Strike at Gold Fields to end

The sun sets behind a headgear of the number 2 shaft of the Gold Fields owned Driefontein mine, south west of Johannesburg, South Africa,Monday, November 8, 2004. Harmony Gold Mining Co. Ltd.'s bid to buy larger rival Gold Fields Ltd., may damage South Africa's gold mining industry if successful, Gold Fields said in an e-mailed statement. Photographer: Naashon Zalk/Bloomberg News

The sun sets behind a headgear of the number 2 shaft of the Gold Fields owned Driefontein mine, south west of Johannesburg, South Africa,Monday, November 8, 2004. Harmony Gold Mining Co. Ltd.'s bid to buy larger rival Gold Fields Ltd., may damage South Africa's gold mining industry if successful, Gold Fields said in an e-mailed statement. Photographer: Naashon Zalk/Bloomberg News

Published Sep 3, 2012

Share

An illegal strike involving about 12 000 workers at Gold Fields’ Kloof Driefontein Complex (KDC) west of Johannesburg is expected to end this week as management and unions agreed to deal with employees’ grievances.

Management was granted an urgent interdict on Friday morning to end the illegal strike at the east section of the KDC mine, however, it would decide this week whether to act on it, Gold Fields spokesman Sven Lunsche said on Friday.

“This issue is an intra-National Union of Mineworkers (NUM) branch problem. Members want the branch leadership to be removed, and national leadership is trying to get its members to go back to work. We are trying to facilitate the talks,” he said.

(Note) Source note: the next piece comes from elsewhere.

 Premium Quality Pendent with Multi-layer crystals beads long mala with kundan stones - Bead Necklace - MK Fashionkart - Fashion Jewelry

There was no underground mining at the weekend and the next underground shift was due to start today. Employees would not be paid during the illegal strike, Lunsche added.

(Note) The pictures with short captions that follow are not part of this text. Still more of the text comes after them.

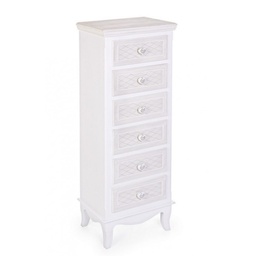 [S-B0744861] Cassettiera classica in legno bianco 6 cassetti
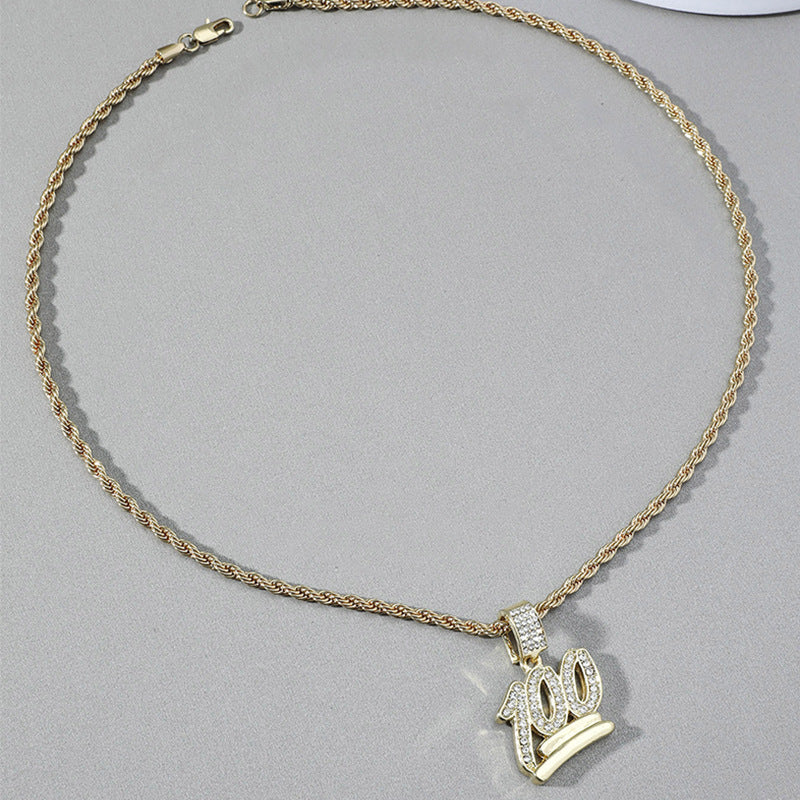 Fashionable hip-hop men's pendant twisted rope chain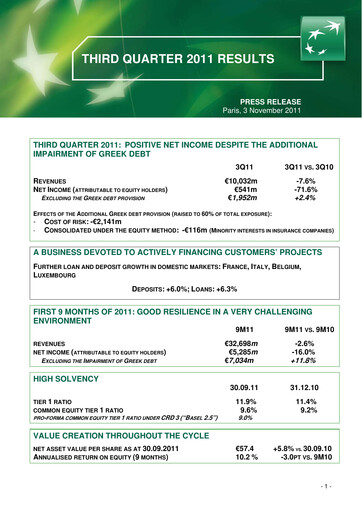 Thumbnail BNP Paribas Quarterly Report 2011-q3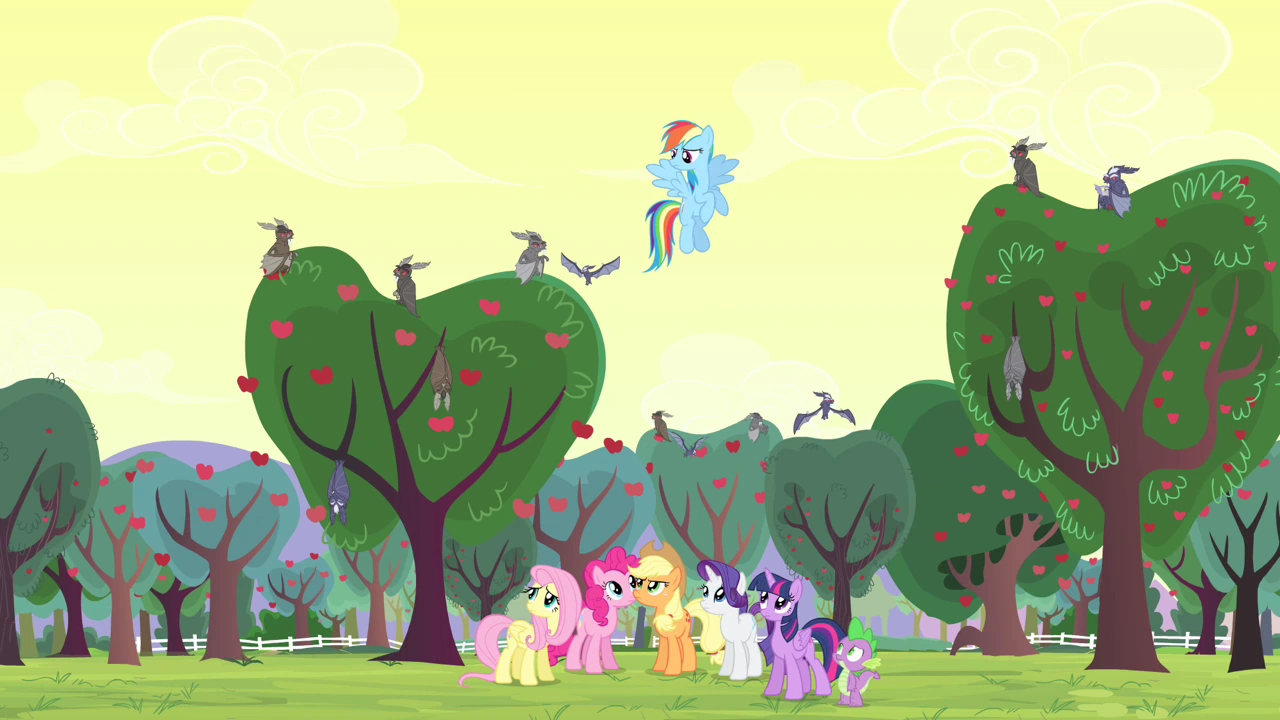 Image - Main cast finds vampire fruit bats S4E07.png - My Little Pony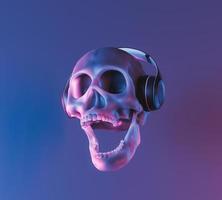 skull with neon lighting and headphones photo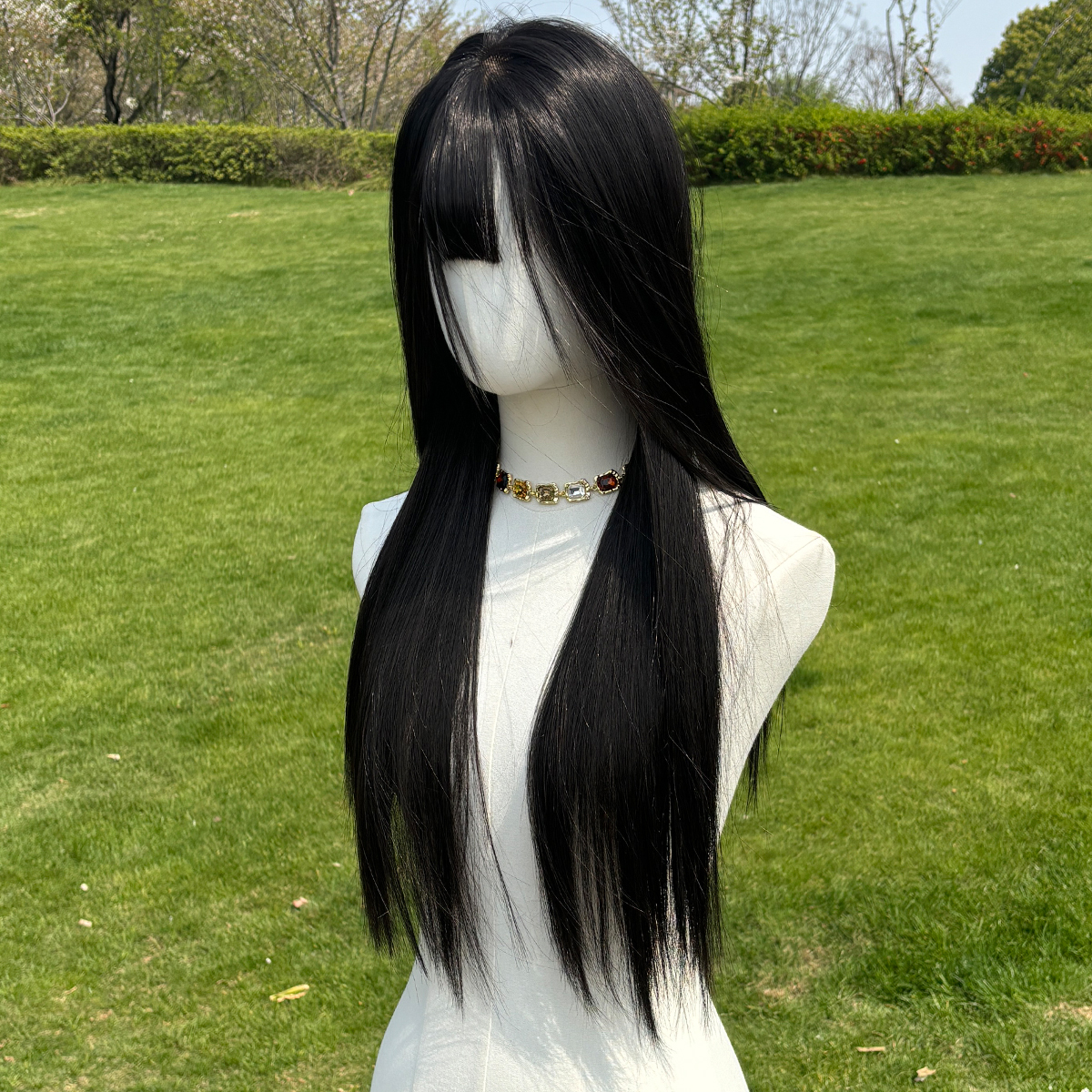 SMILCO/28Inch Black 13*6 Free Part Lace Front Long Straight Low Density Futura Fiber Pre Cut With Bangs Synthetic Wig/SM9001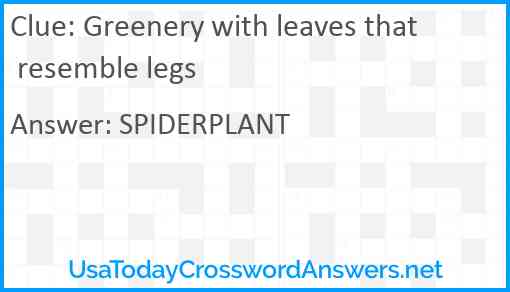 Greenery with leaves that resemble legs Answer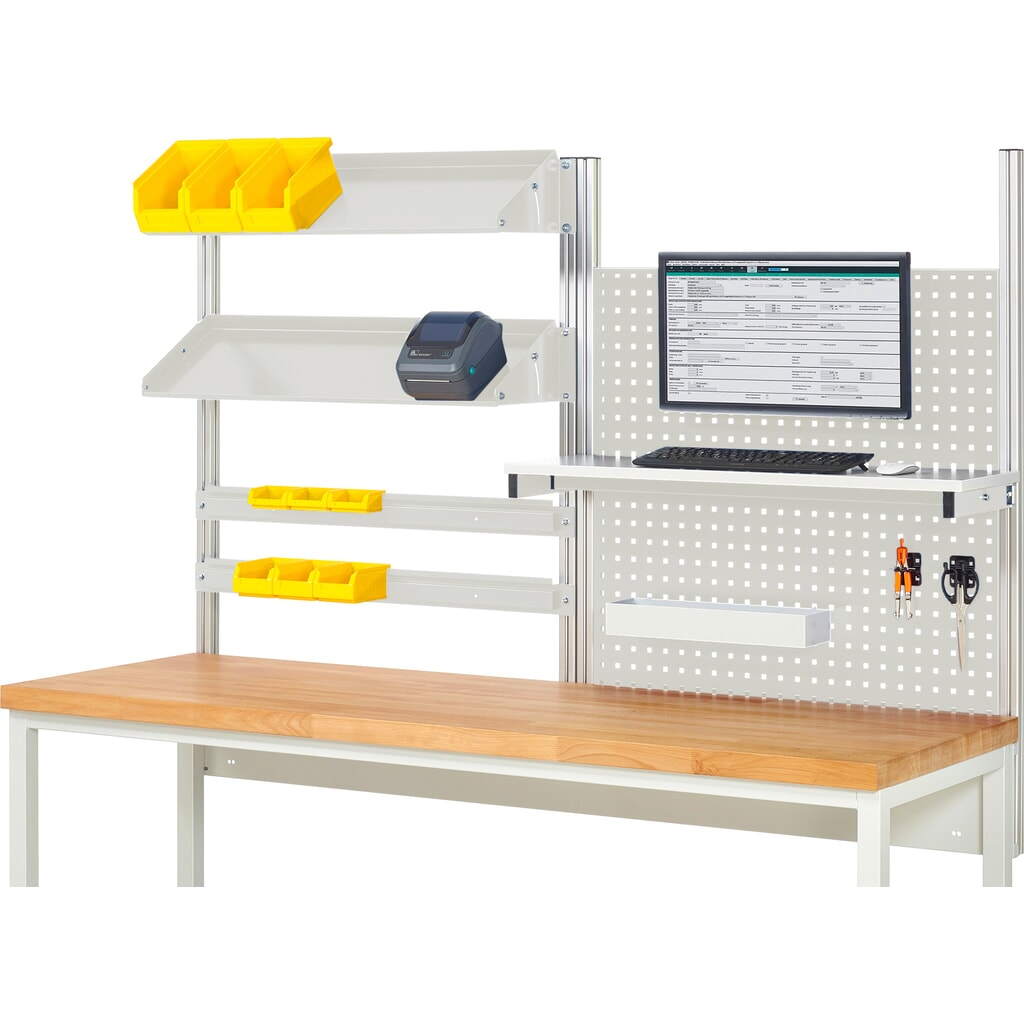 Nadstavba pracovného stola RAU, v × š × h 1 130 × 2 000 × 350 mm, s 1 policovou doskou, 2 prídržnými lištami, 2 naklápateľnými kovovými odkladacími lištami a 1 držiakom plochej obrazovky, kompletná súprava 05 pre Obrázok výrobku: Nadstavba pracovného stola RAU, v × š × h 1 130 × 2 000 × 350 mm, s 1 policovou doskou, 2 prídržnými lištami, 2 naklápateľnými kovovými odkladacími lištami a 1 držiakom plochej obrazovky, kompletná súprava 05 pre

The swift action by management and labour had prevented a spread of an illegal strike similar to that at Lonmin’s Marikana platinum mine near Rustenburg where 44 people, including two police officers, were killed three weeks ago.

Employees had been on strike since Wednesday last week because Gold Fields had been deducting money from workers’ salaries for a compulsory funeral cover benefit that not all of them wanted, NUM spokesman Lesiba Seshoka said on Friday.

He said the strike was expected to end as management had agreed to stop making the deductions, while NUM general secretary Frans Baleni had visited the mine to hear whether there were other issues that needed to be addressed.

Seshoka said the employees were contributing R70 towards the extended funeral cover for 10 family members.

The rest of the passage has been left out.